Duncan Winder (1919–1970)
Interior, Wairoa centennial library from the collection Architectural photographs.
Courtesy of Alexander Turnbull Library, Wellington, New Zealand.
Ref: DW-0301-F.

The very fact that something older and wilder persists in this place, despite the overwhelming economic pressures of modern agriculture on the New Zealand landscape, is a direct result of local Māori leaders’ concerted resistance to land cessions and confiscations in the 1860s and ‘70s. Taylor seems to gesture at this tension in his mural which was commissioned, along with the building that housed it, to mark the centennial of the establishment of Wairoa township, at the height of colonial confiscations and escalating conflict.

The mural depicts two family groupings facing off: a Māori rangatira is armed only with a taiaha, while four Pākehā men bear two rifles, a whaling spear, and an axe. In reality, the local conflict between Māori and Pākehā was far less asymmetrical than this image implies, with Māori embracing all the legal and technological tools of their time to wage a highly innovative and effective guerrilla campaign against the colonial forces. Almost 150 years ago the final chapter of New Zealand’s land wars played out largely in the Ruakituri Valley, inland from Wairoa, against the background of Te Urewera.

The events are more complex and polarising than can be done justice here. In brief, in July 1868 Te Kooti Arikirangi Te Tūruki and his followers, the whakarau (exiles or ‘unhomed’), made their escape from incarceration on Wharekauri (Chatham Islands) aboard the schooner Rifleman. Having made landfall in the small bay of Whareongaonga, just south of Gisborne, on 15 July they headed inland, under the guidance Paratene Kunaiti and others of Ngāti Kōhatu from Whenua Kura on the Hangaroa River. From here they travelled up the Ruakituri Valley to Puketapu at Papuni where they were soon joined by Wairoa chiefs. The whakarau were pursued from coast to hinterland by colonial forces aided by ‘friendly’ or kūpapa Māori. Between Whareongaonga and Puketapu the whakarau engaged with government forces three times: at Paparatu on 20 July, at Te Koneke on 24 July, and at Papuni on 8 August. In each case they escaped their pursuers. At the siege of Ngātapa in
January 1869, Te Kooti and his followers escaped again and gathered at a place called Maraetahi, in the Waioeka Gorge. It was here that Te Kooti crossed into Te Urewera country and established a covenant with the Ngāi Tūhoe people that has remained a potent political and spiritual union until the present day. [3]

Colin McCahon’s Urewera Mural, which builds its meaning around the sacred bond between Tūhoe and Te Urewera, was the first piece of modern art which I was fully conscious of as ‘art’. Encountering it as a teenager in the Department of Conservation’s Āniwaniwa visitor centre in Te Urewera National Park was a genuinely transformative experience for me, opening up a radical new way of experiencing the landscape as channelled through the spiritually guided hand of the painter. This was something I wanted to tap into, as well as something I felt I needed to decode and understand in order to enter the world of art. What I now realise is that Taylor’s library mural – which I did not consciously register as ‘art’ at all – was probably my first actual encounter with an original piece of modernist work.

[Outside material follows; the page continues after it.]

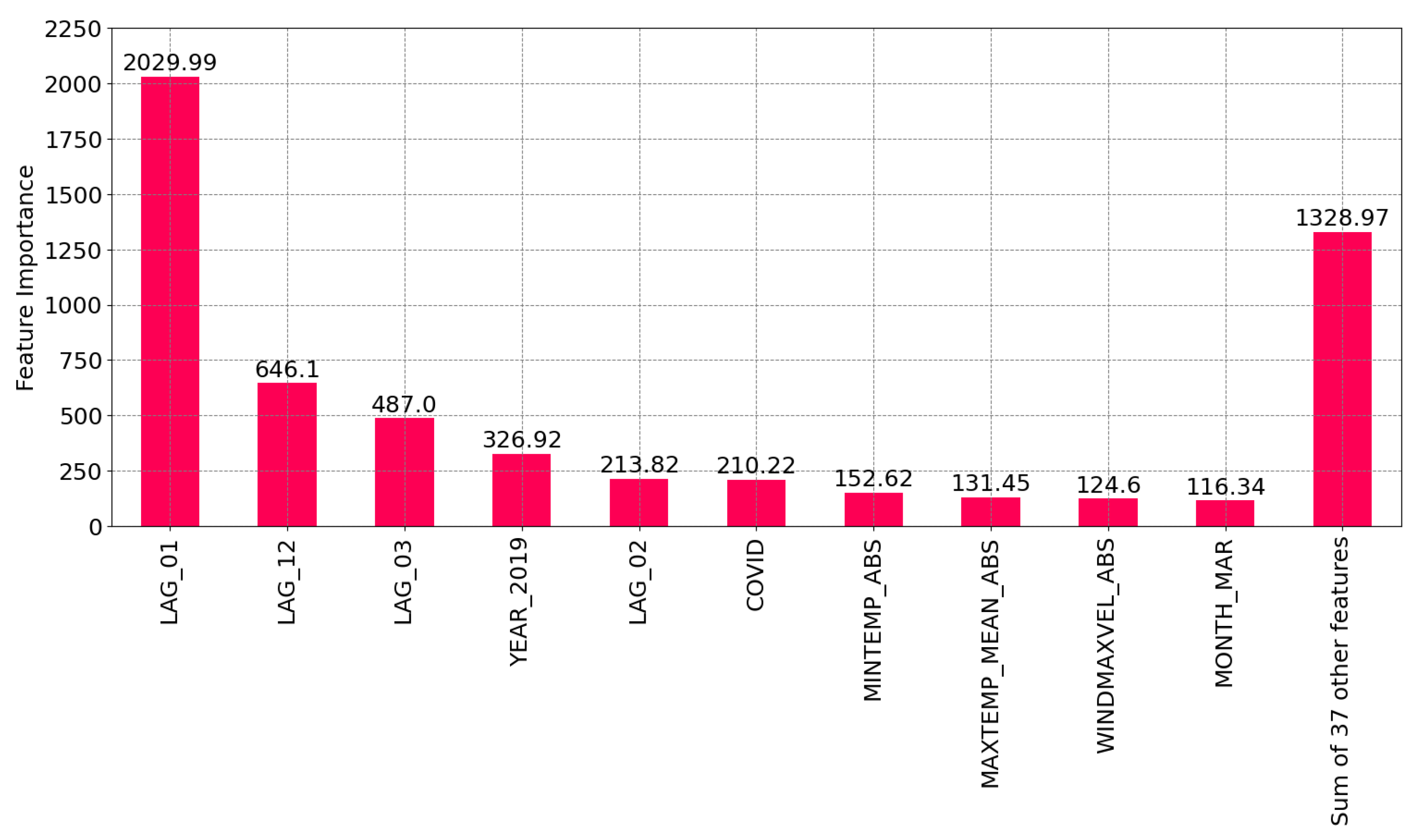 Forecasting 06 00042 g006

In hindsight, I can see that the two murals lie at either end of a spectrum within New Zealand modernism in terms of their relationship to their audience. McCahon’s work was distinctive and powerfully transformative, but it was also relatively exclusive. It seems likely that, when it was first installed in the visitor centre, very few local people would have fully appreciated its radical innovation. By contrast, Taylor’s work was indebted to Britain’s Arts and Crafts movement, the explicit goal of which was to make work that communicated directly through an emphasis on traditional craftsmanship and attention to a simplicity of line and form. It did not disrupt – in the way McCahon’s work did – so much as quietly embed itself in its surrounds, using a nationalist aesthetic characterised by the fusion of Māori and Pākehā cultures. [4]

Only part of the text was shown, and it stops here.